■ ASSIGNMENT: Count how many lines hold "レディース" in the records, and respond with that number by itself.

■ LISTED RECORDS:
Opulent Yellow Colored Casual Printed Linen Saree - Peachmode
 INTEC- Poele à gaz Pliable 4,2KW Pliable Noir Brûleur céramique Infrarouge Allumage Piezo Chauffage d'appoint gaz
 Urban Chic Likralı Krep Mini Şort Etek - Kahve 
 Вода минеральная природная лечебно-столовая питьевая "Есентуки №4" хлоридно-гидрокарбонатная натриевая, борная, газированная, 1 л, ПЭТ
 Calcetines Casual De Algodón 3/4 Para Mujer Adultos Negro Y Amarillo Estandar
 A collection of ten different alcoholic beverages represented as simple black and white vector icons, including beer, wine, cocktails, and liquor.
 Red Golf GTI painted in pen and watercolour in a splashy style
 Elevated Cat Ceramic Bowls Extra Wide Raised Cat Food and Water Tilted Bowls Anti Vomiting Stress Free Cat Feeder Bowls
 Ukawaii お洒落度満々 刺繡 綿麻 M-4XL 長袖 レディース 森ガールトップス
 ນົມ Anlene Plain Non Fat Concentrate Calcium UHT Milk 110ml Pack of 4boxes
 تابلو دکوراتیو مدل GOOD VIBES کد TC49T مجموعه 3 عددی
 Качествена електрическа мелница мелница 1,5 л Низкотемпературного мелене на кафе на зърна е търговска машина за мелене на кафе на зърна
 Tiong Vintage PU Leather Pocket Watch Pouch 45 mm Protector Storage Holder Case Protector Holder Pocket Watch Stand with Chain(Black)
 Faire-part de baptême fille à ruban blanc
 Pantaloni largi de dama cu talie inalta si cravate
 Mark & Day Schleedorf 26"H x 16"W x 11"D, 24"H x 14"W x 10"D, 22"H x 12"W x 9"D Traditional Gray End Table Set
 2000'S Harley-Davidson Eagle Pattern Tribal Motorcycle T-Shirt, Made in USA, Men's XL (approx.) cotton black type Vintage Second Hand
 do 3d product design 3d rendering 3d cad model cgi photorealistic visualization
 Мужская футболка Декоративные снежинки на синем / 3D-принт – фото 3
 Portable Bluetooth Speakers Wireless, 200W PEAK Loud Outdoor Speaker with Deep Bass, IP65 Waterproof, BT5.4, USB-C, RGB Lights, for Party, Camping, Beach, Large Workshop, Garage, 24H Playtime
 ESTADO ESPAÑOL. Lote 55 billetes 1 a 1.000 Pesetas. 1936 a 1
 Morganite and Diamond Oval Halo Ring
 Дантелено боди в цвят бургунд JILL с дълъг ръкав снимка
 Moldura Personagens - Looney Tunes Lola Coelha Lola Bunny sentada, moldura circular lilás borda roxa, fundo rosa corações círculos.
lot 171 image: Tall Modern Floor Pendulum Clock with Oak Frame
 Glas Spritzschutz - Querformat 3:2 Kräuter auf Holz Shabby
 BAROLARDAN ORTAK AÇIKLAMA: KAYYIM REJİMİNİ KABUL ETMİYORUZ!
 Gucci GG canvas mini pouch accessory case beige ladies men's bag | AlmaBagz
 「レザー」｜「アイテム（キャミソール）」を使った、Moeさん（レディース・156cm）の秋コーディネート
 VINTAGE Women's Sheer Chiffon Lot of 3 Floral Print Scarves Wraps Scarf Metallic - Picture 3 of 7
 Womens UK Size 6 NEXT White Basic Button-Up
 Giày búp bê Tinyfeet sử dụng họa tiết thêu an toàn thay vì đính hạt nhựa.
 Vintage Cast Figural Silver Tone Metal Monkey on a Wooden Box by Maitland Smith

■ WRITTEN ANSWER: 2